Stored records
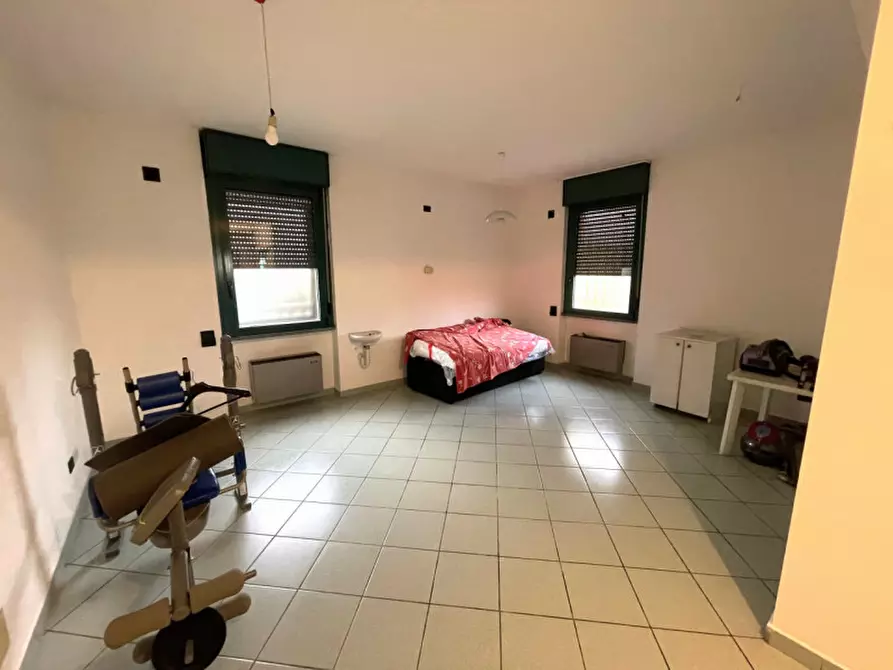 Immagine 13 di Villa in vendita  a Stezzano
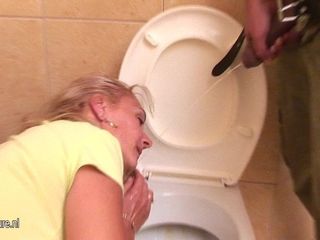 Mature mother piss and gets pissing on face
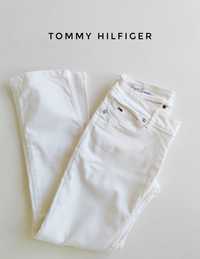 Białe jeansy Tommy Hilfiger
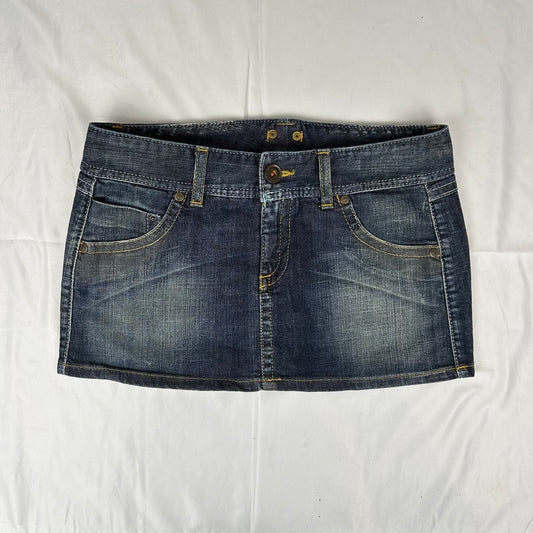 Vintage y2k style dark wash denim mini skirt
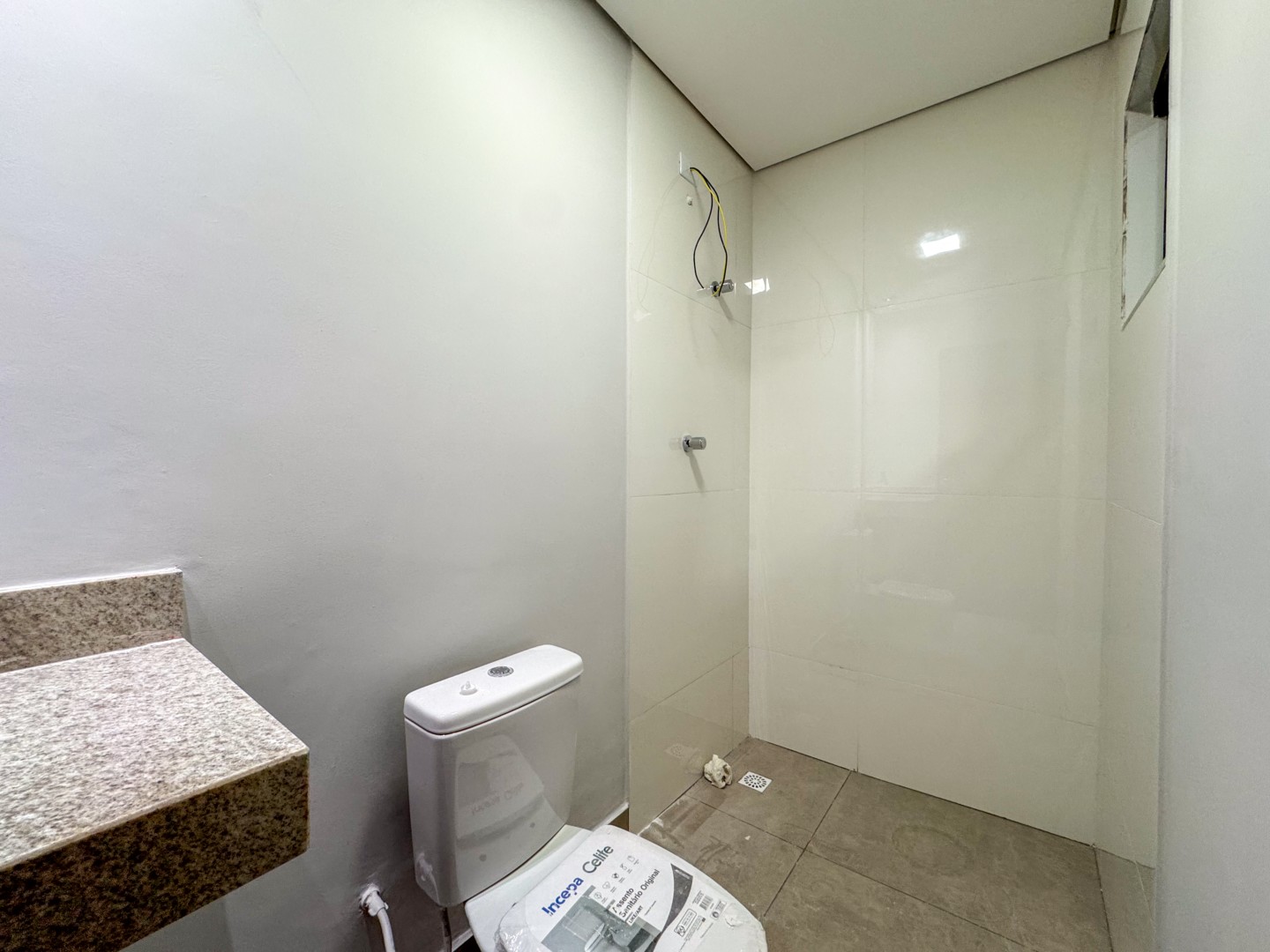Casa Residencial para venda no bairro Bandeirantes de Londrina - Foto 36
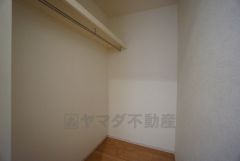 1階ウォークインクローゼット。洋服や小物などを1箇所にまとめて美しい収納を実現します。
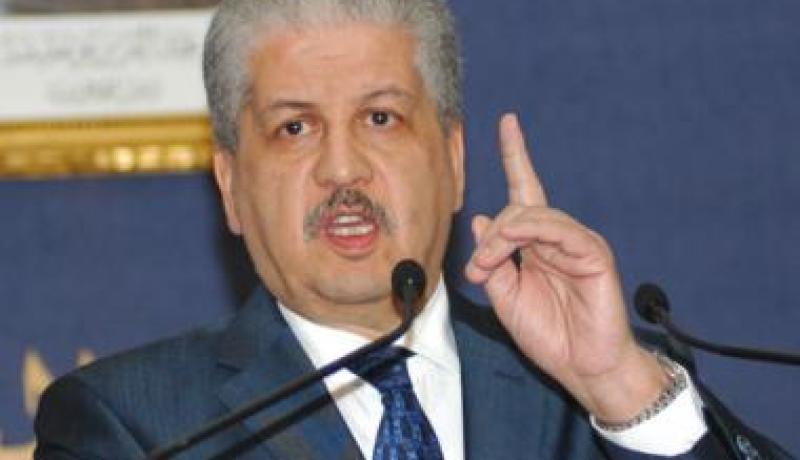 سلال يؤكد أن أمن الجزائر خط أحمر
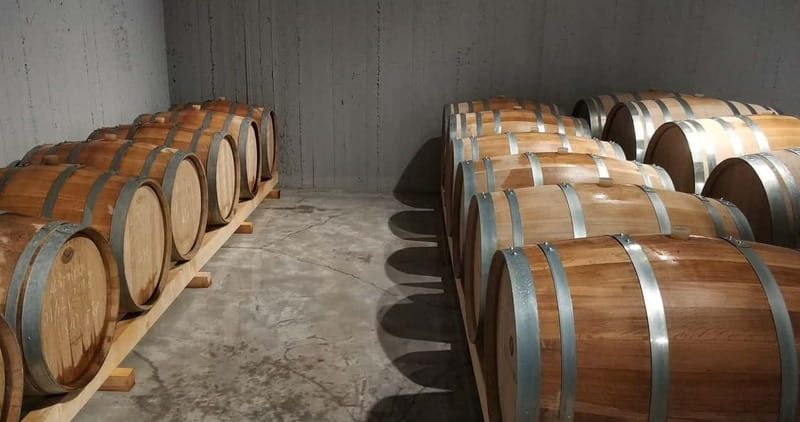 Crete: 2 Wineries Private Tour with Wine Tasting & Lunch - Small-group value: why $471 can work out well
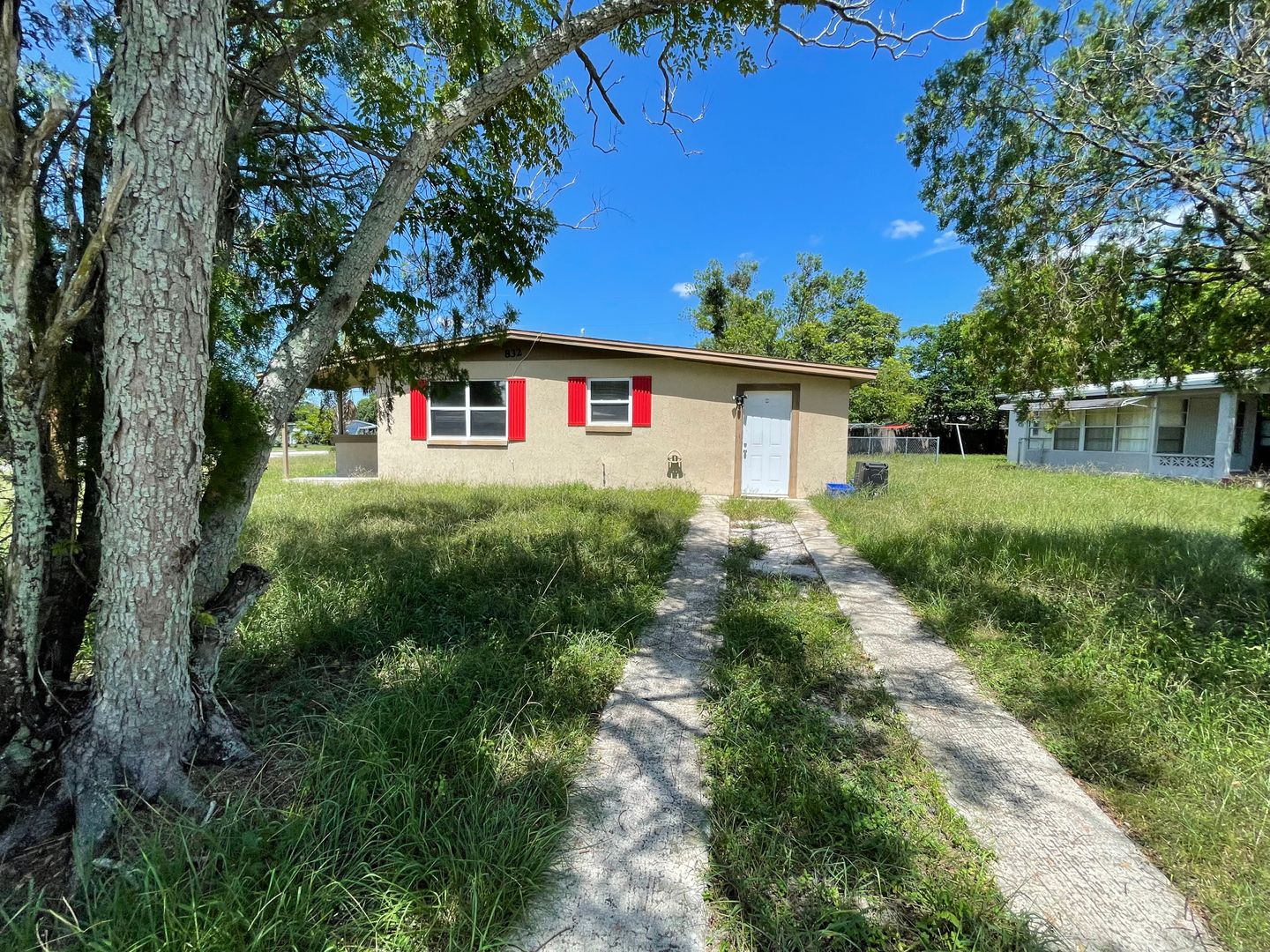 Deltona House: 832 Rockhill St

**What is being asked:** Pictures omitted, give the entries again exactly.

**Final answer:**
 Immagine 13 di Villa in vendita  a Stezzano
 Mature mother piss and gets pissing on face
 Białe jeansy Tommy Hilfiger
 Vintage y2k style dark wash denim mini skirt
Casa Residencial para venda no bairro Bandeirantes de Londrina - Foto 36
 1階ウォークインクローゼット。洋服や小物などを1箇所にまとめて美しい収納を実現します。
 سلال يؤكد أن أمن الجزائر خط أحمر
 Crete: 2 Wineries Private Tour with Wine Tasting & Lunch - Small-group value: why $471 can work out well
 Deltona House: 832 Rockhill St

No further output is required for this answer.